Searching for Skrei / 2

The Lofoten Islands, between January and April, are the place where to catch this extraordinary and unique fish

19-04-2015
The Lofoten Islands are not just a magic place, characterised by intense and romantic landscapes. They are also Norway’s most important area for the catch of codfish, Norway being only second to China, in terms of volumes of catch

(see part one)

A journey to the Lofoten Islands, in Norway, in the Arctic Circle, is an almost mystic experience in all seasons, thanks to the primitive beauty of the mountains, the majestic territory and, in the right season, the meeting with his majesty the codfish.

This requires arriving in the Lofoten Islands in the winter or at least in early spring. Let’s say from January till April, which is the ideal time when to taste Skrei (the best fresh codfish variety) and experience the crucial stages of the catch, processing and selection of the most precious codfish.

Chef Marco Martini dealing with Skrei

Chef Marco Martini dealing with Skrei

This year, keeping us company in a fun and illuminating journey, were two exceptional partners, starred chefs Marco Martini of Stazione di Posta in Rome and Paolo Barrale from Marennà in the province of Avellino.

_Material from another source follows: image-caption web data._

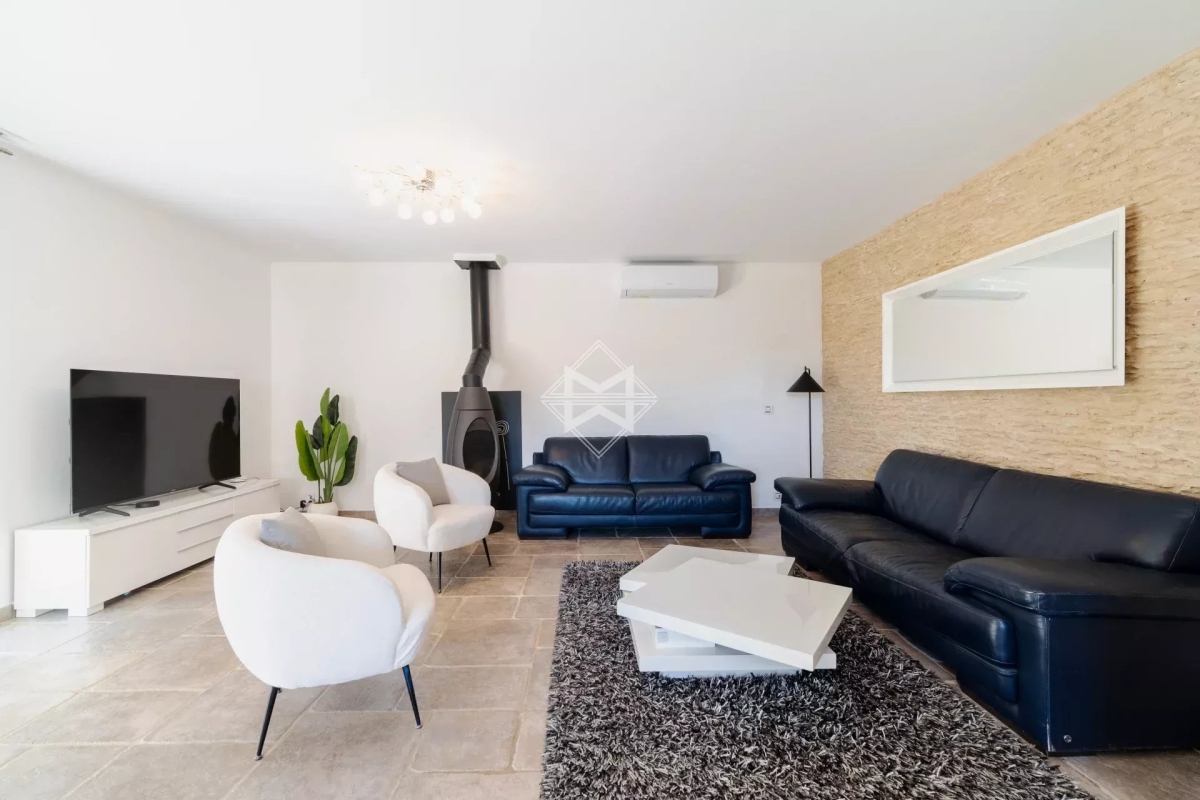 Luxury House for sale in Biot, 2 980 000 €, Photo 7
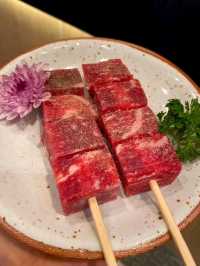 Wa's grill บุฟเฟ่ต์ฮาลาลห้างโรบินสันถลาง ภูเก็ต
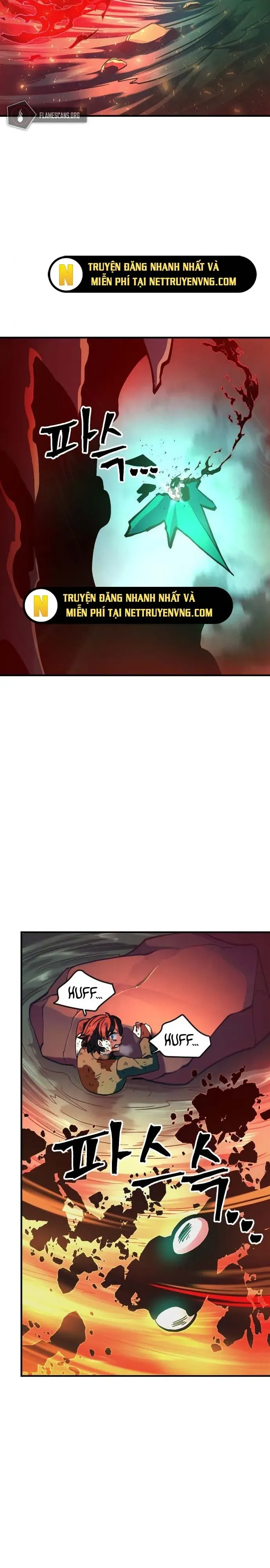 Tối Hậu Kim Đồng Chapter 14 - 33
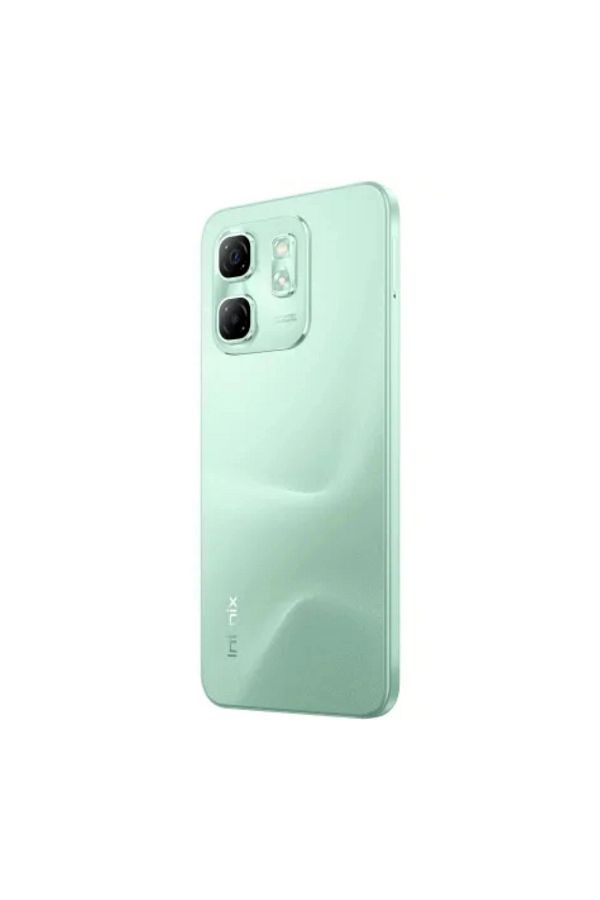 INFINIX Hot 50i 4G (6+128) GB Adaçayı Yeşili - Görsel 5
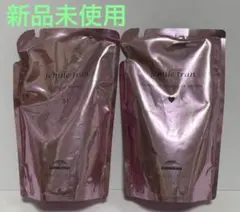 jemile fran シャンプー　ハート＆ヒートグロス400ml　2個セットのサムネイル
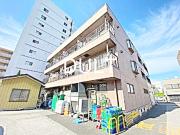 ＪＲ常磐線（各駅停車）亀有駅まで徒歩4分
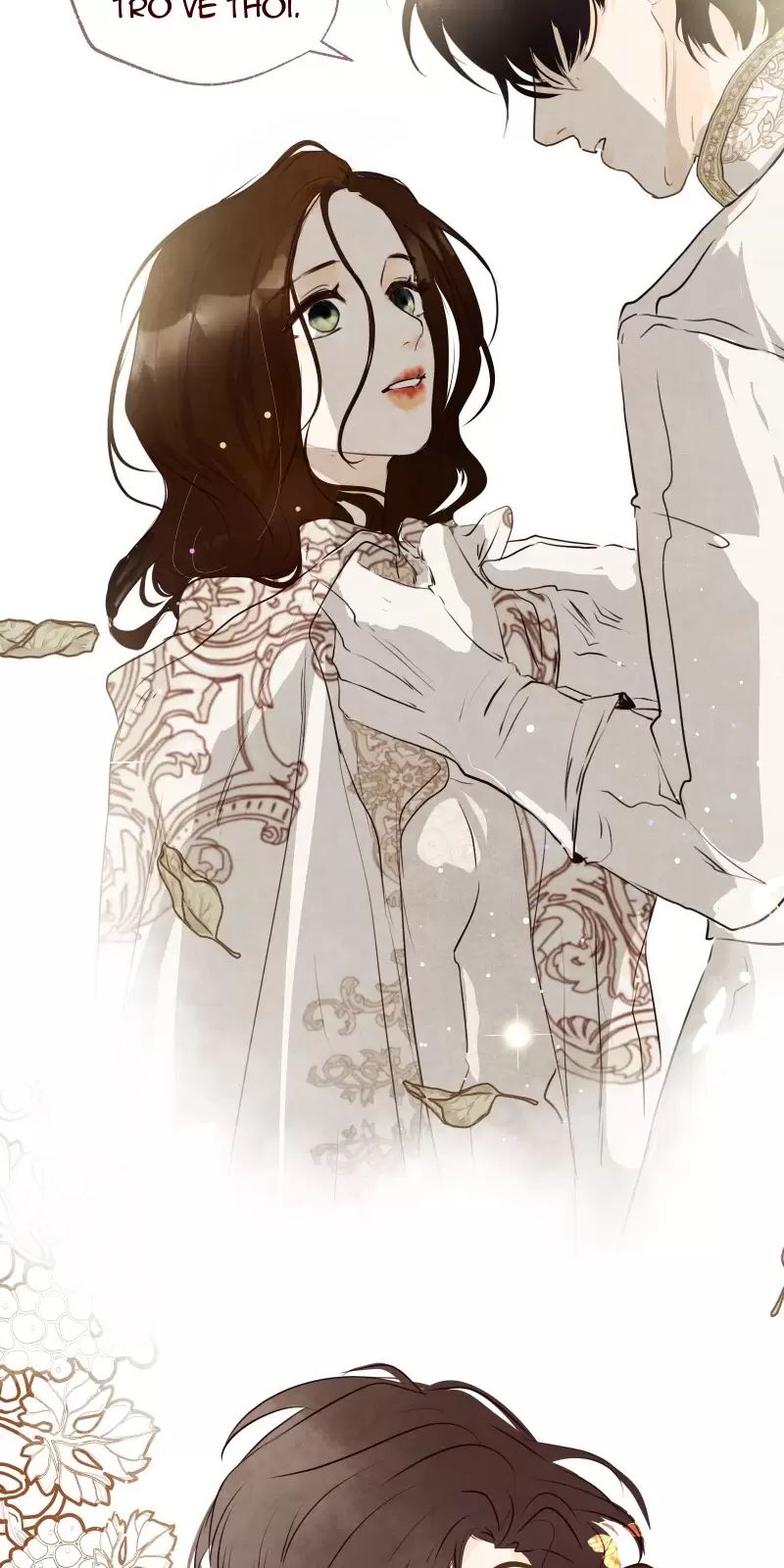 Tôi Là Kẻ Phản Diện Chapter 8 - 53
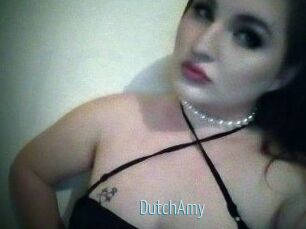 DutchAmy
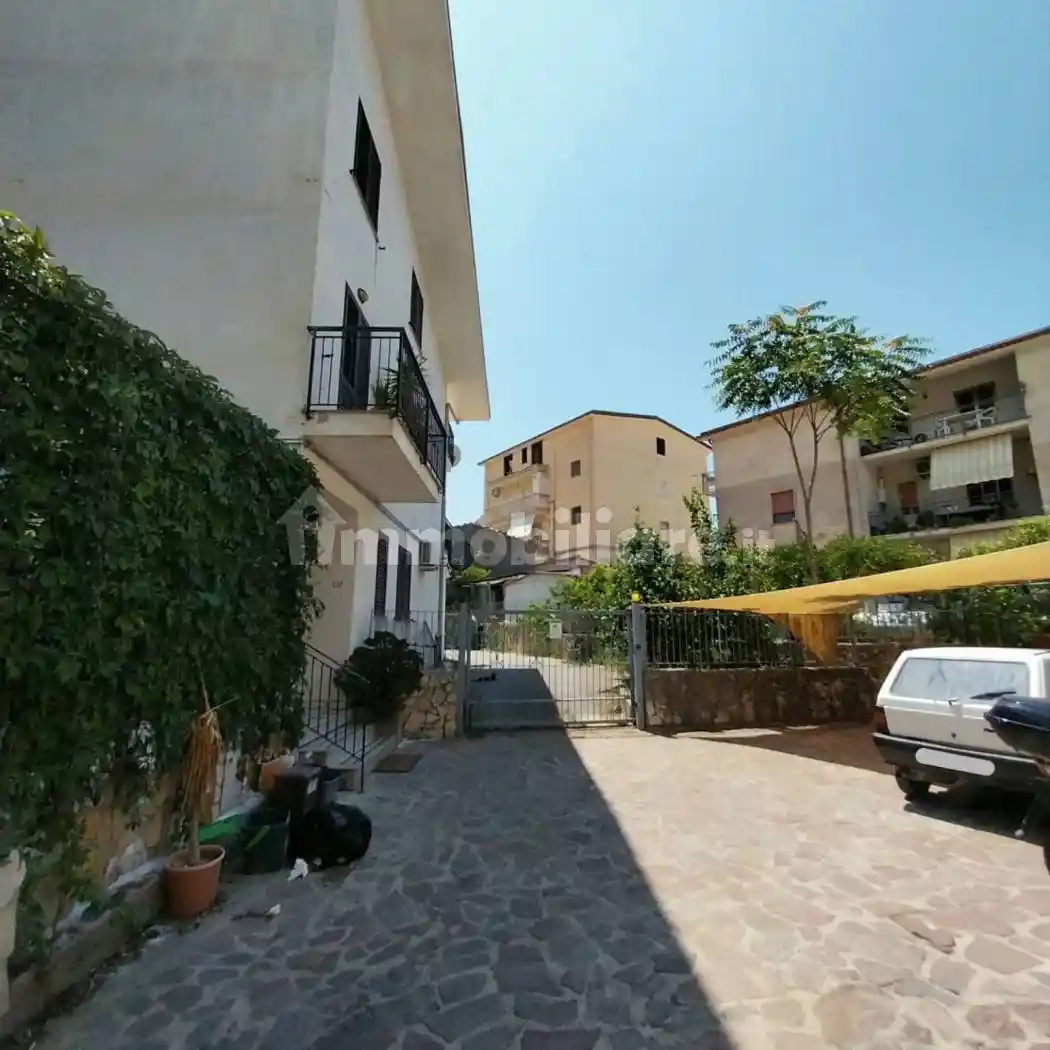 Appartamento via Ticino, Centro, Amantea - foto 3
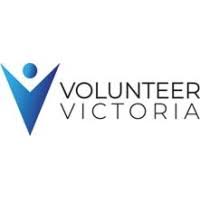 Volunteer Victoria Logo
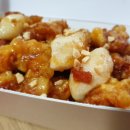 쌈바닭강정 이미지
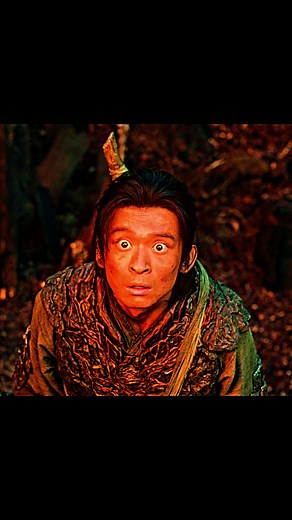 #AWritersOdyssey #ChineseFantasyFilm #EpicJourney #FantasyAdventure #AWritersJourney #HeroicFantasy #CinemaMagic #Storytellers #ActionFantasy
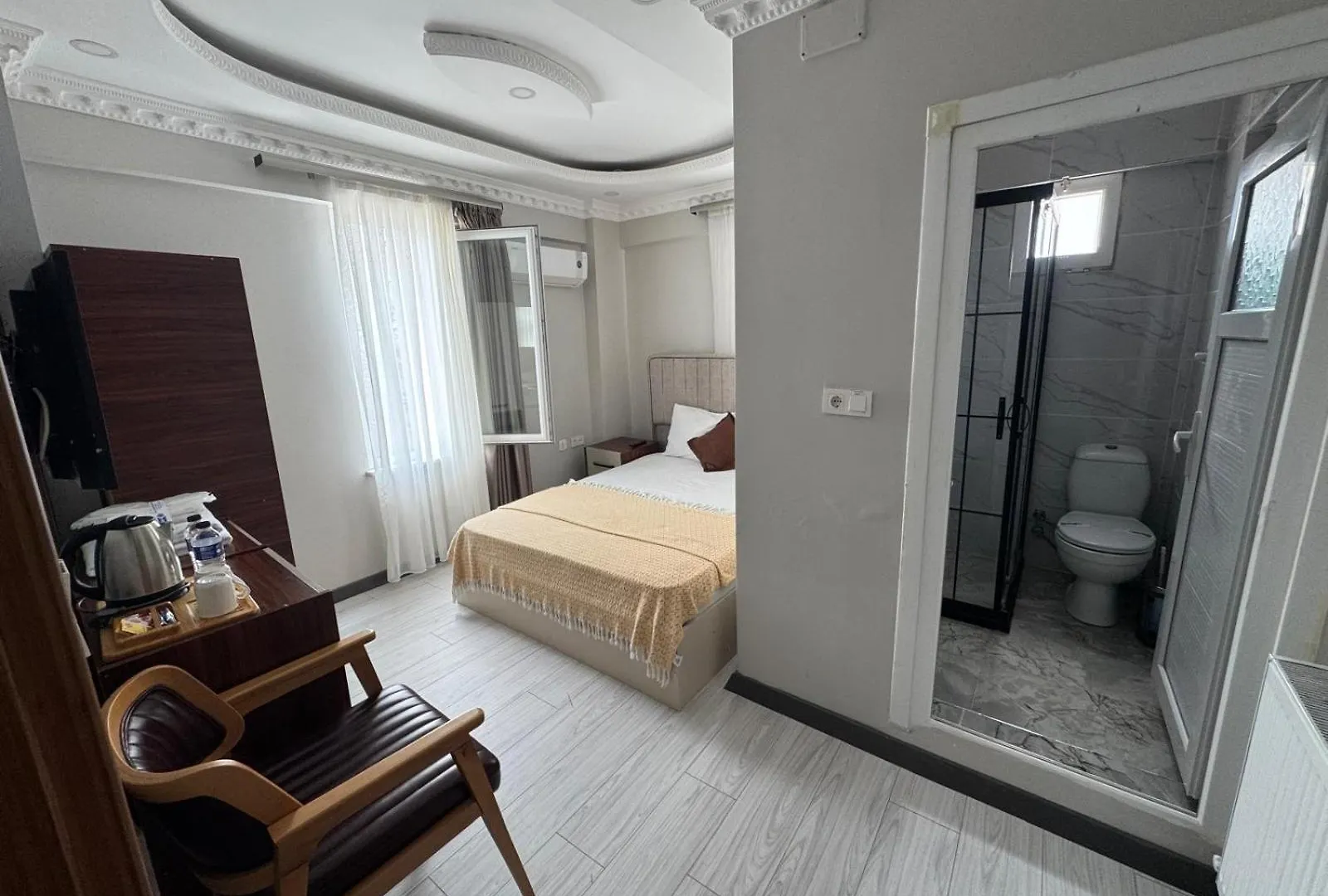 Hotel Istanbul Airport Kumsal Otel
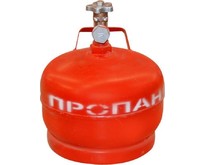 RUSSIA стальной 5л., (Крым)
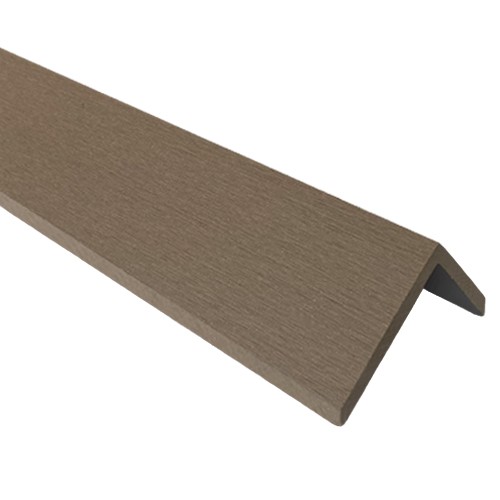 Уголок EasyDecking Wood-Х 50х80 Венге купить в Алатыре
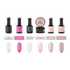 Pink Vibes Bundle | Madam Glam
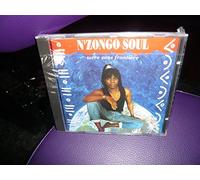 N'zongo Soul - TERRE SANS FRONTIERE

Two guasconi (the latter is also the ambassador of codfish in Italy) who have livened up the visit to one of the plants where the complete processing takes place, from the arrival of the boats, full of catch, to the mythical cutting of the tongues done by the Norwegian children.

This also included a boat trip, which unfortunately was fruitless, with the idea of catching a nice codfish, but allowed us to observe, from close by, the indented and wild coastline of the Lofoten Islands. In between there was also time to discover the importance of codfish in the history of Norway, the crucial role of Norge, the state agency which, in fact, catches the national production (which, it must be recalled, is only second to China in terms of quantities) and the quality of the product, rich in Omega 3, even when, perhaps, it is harder to get excited in front of a tablespoon of cod liver oil!

Inside Roy Magne Berglund’s home in a Ballstad

Inside Roy Magne Berglund’s home in a Ballstad

The Nordic journey also offered a fun approach to local culture, traditions and the daily life of local people. Especially thanks to the splendid opportunity to dine inside the home of a good and fun chef such as Roy Magne Berglund (usually at the helm of his restaurant Du Verden in Svolvaer), who organised an intimate tasting in his house in Ballstad for the tour’s participants.

An evening which, somehow, what with a slightly French style in the kitchen and many Nordic products, had its peak in the lively exchange of opinions between the Italian chefs and the mighty Viking chef who got his wife involved (but most of all his brilliant and very young daughter Sofie) in a spontaneous animation that was capable of attracting the attention of all the participants.